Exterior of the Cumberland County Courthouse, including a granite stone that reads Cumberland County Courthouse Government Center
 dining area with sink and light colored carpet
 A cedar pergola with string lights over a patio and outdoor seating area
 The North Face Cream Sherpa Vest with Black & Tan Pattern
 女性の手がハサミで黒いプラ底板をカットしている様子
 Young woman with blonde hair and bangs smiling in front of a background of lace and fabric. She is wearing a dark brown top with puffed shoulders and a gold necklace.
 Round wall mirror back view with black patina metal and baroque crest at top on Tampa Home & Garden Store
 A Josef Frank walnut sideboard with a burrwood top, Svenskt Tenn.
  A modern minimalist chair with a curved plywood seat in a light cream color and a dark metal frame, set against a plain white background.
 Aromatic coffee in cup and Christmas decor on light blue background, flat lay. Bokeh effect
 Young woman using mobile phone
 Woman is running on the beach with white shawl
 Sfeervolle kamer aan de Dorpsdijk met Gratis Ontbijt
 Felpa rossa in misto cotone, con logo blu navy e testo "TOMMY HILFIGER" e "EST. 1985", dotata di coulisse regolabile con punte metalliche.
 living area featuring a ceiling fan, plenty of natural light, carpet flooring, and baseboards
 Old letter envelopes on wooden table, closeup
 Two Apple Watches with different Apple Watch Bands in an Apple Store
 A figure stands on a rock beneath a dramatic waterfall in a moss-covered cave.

──────

What you are asked to do: Filter this listing and copy only the lines holding the word "with".

Response to the exercise:
 dining area with sink and light colored carpet
 A cedar pergola with string lights over a patio and outdoor seating area
 The North Face Cream Sherpa Vest with Black & Tan Pattern
 Young woman with blonde hair and bangs smiling in front of a background of lace and fabric. She is wearing a dark brown top with puffed shoulders and a gold necklace.
 Round wall mirror back view with black patina metal and baroque crest at top on Tampa Home & Garden Store
 A Josef Frank walnut sideboard with a burrwood top, Svenskt Tenn.
  A modern minimalist chair with a curved plywood seat in a light cream color and a dark metal frame, set against a plain white background.
 Woman is running on the beach with white shawl
 Two Apple Watches with different Apple Watch Bands in an Apple Store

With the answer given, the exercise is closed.